Now, imagine that the customer asks the PM to make a change, and the PM performs an analysis, but it falls off the PM's desk into the trash can and is forgotten. Later, the customer sues the company because it did not make the requested change.

Instead, imagine that the PM filed the CR with the CCB coordinator FIRST, before analyzing the impact. The coordinator would create an entry in the Change Request Log and assign a due date for the analysis. When the due date comes, the coordinator asks the PM, "where's your analysis?"

Objective Evidence

Later, if the customer asks, "Why wasn't that change made?" the PM can ask the coordinator to look it up in the CR log.
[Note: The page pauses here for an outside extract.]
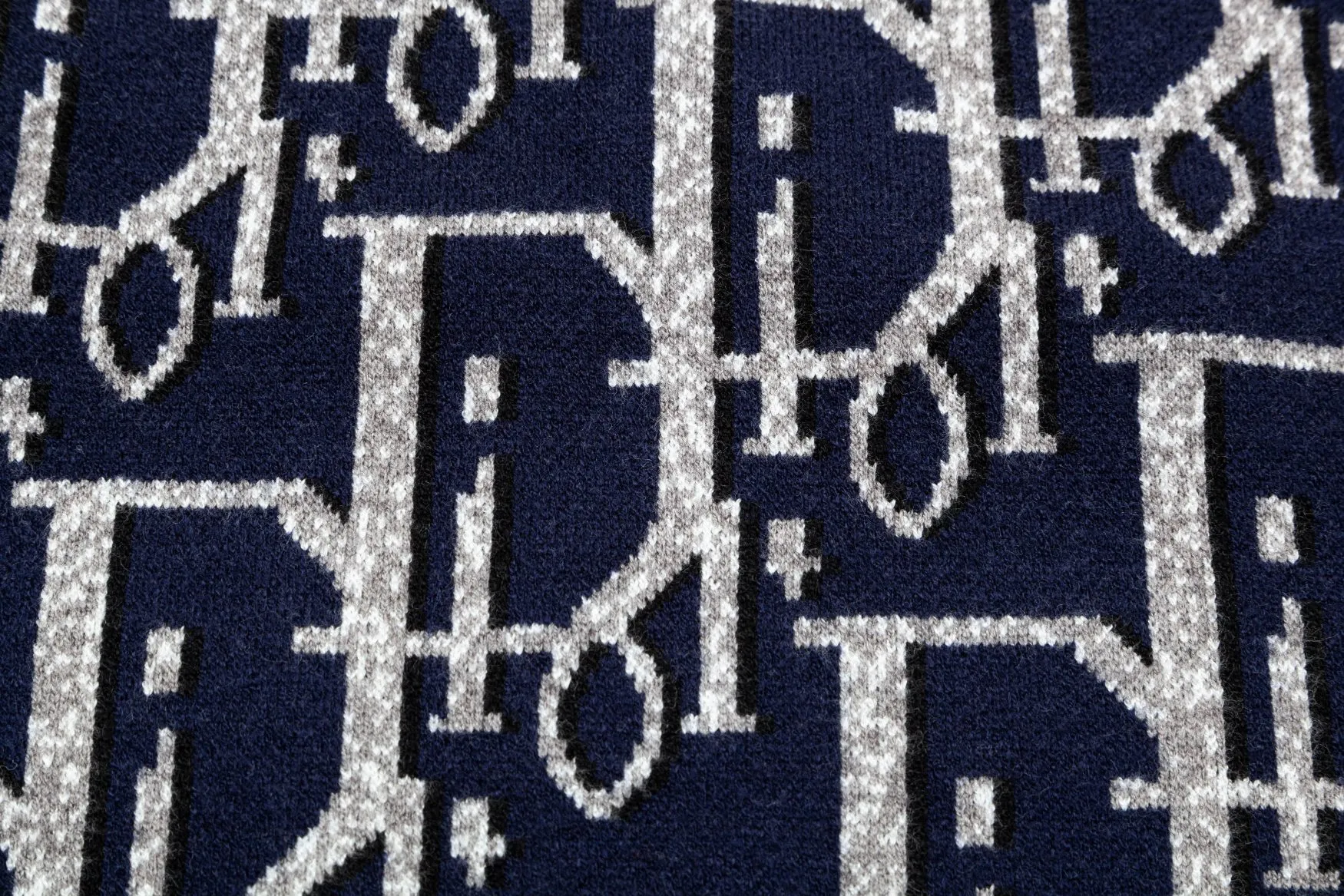 【DIOR 公式旗艦店】ディオール セーター好評に付き再入荷！ 240929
The PM finds the file number of the analysis and sends a copy of it to the customer.

Controlling the Cowboys

One last scenario: Suppose the hydraulics engineering manager falls in love with a certain change. He takes a week to perform the analysis and then files the CR with the CCB. However, the CCB has a wider perspective and wants the analysis performed by the Mechanical Engineering director in coordination with Purchasing and Manufacturing. The second analysis takes another week. If the hydraulics manager had submitted the CR to the CCB first, they could have saved a week and gotten the change approved earlier, when it was less expensive to make.

Conclusion

The PMI answer may assume that you should not bother the CCB until you have analyzed the change. However, allowing the CCB to coordinate CR analyses can reduce analysis costs, save time, create accountability for completion of CR analyses, increase the quality of the analyses, and ensure that the analyses become part of the project records.